During the four-hour surgery in the intraoperative MRI-surgical suite, Palovchik was awake and gave real-time feedback to the team of neurosurgeons, neuroradiologists, neurologists, and nurses. His feedback helped the team determine the exact brain cells to target with 1,024 beams of ultrasound focused on one spot deep in the brain that controls involuntary movements.
“Individual ultrasound beams pass through the scalp, skull, and brain tissue without causing any harm, but at the target, the multiple beams converge to a precise focal point [to create heat at that point]. This is a permanent treatment in which some brain cells causing the tremor are burned away. The patient has immediate results when surgery is done: the tremors are gone,” Krishna says.
Palovchik is pleased with how well he can now sign checks, feed himself, and brush his teeth without assistance, calling the treatment “a gift from heaven.”
“It’s made a big difference in the tremor I had in my right hand,” Palovchik says. “It’s virtually gone.”

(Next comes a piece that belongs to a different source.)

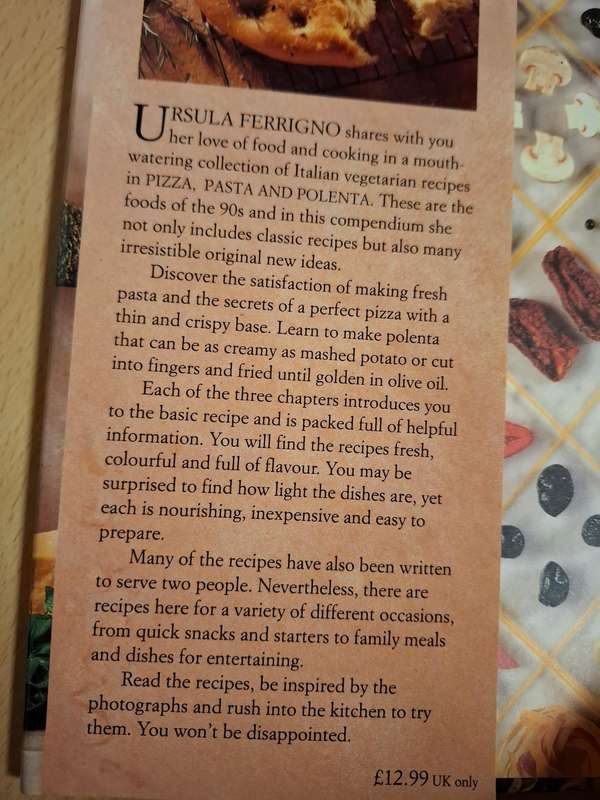 Pizza, Pasta and Polenta: Ursula Ferrigno  (Hardcover)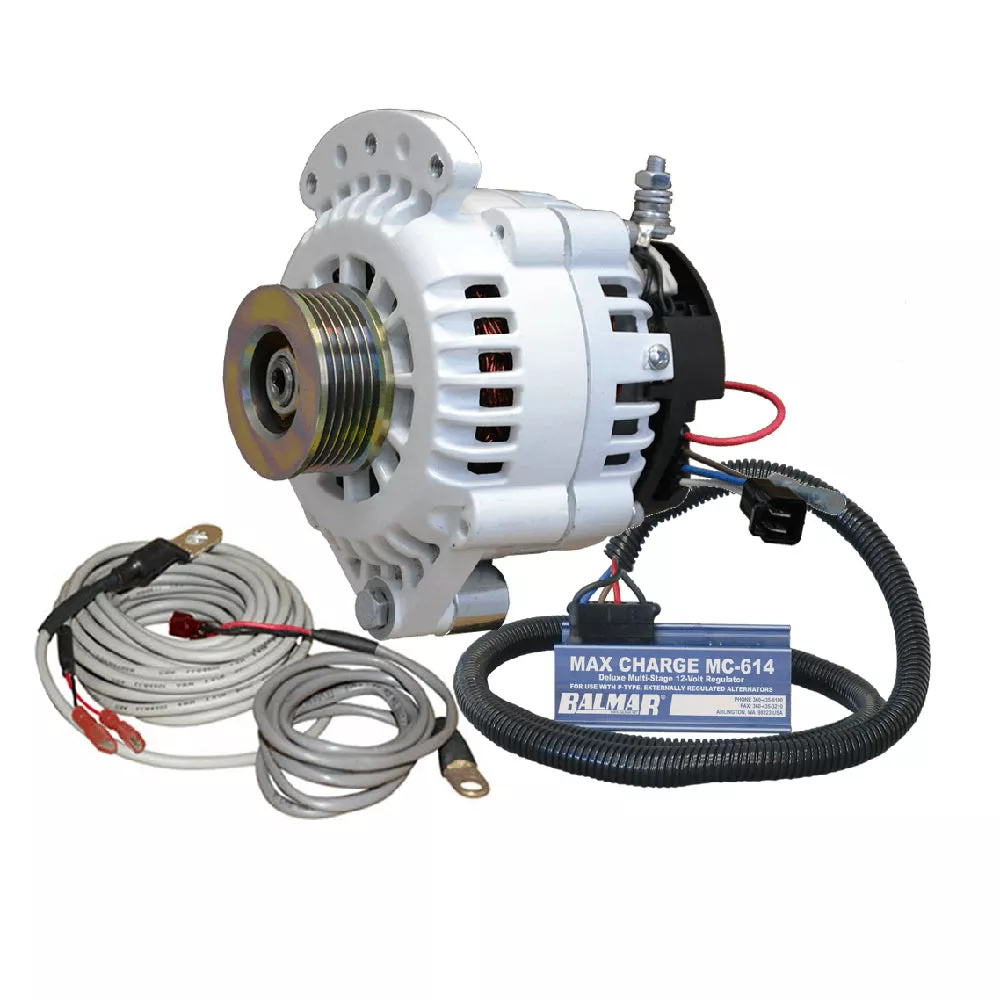 Balmar 621 Series 120A Kit w/MC-618 Regulator, T-Sensor, K6 Pulley, Single FootMounting Hardware [621-VUP-MC-120-K6]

The technology is a new treatment option for older patients who are not good candidates for traditional DBS pacemaker surgery in which tiny electrodes are surgically implanted into the brain and connected to a small pacemakerlike device that has been implanted into the chest wall, Krishna says. The pacemaker delivers electrical signals that regulate abnormal brain activity, alleviating disabling symptoms, such as tremors, and restoring function.
“If these good results are sustained over time, then focused ultrasound therapy will become a more routine therapy for the future,” Rezai says. “In addition to treating essential tremor, we hope to use this technology in the future for Parkinson’s disease, depression, obsessive compulsive disorder, and epilepsy.”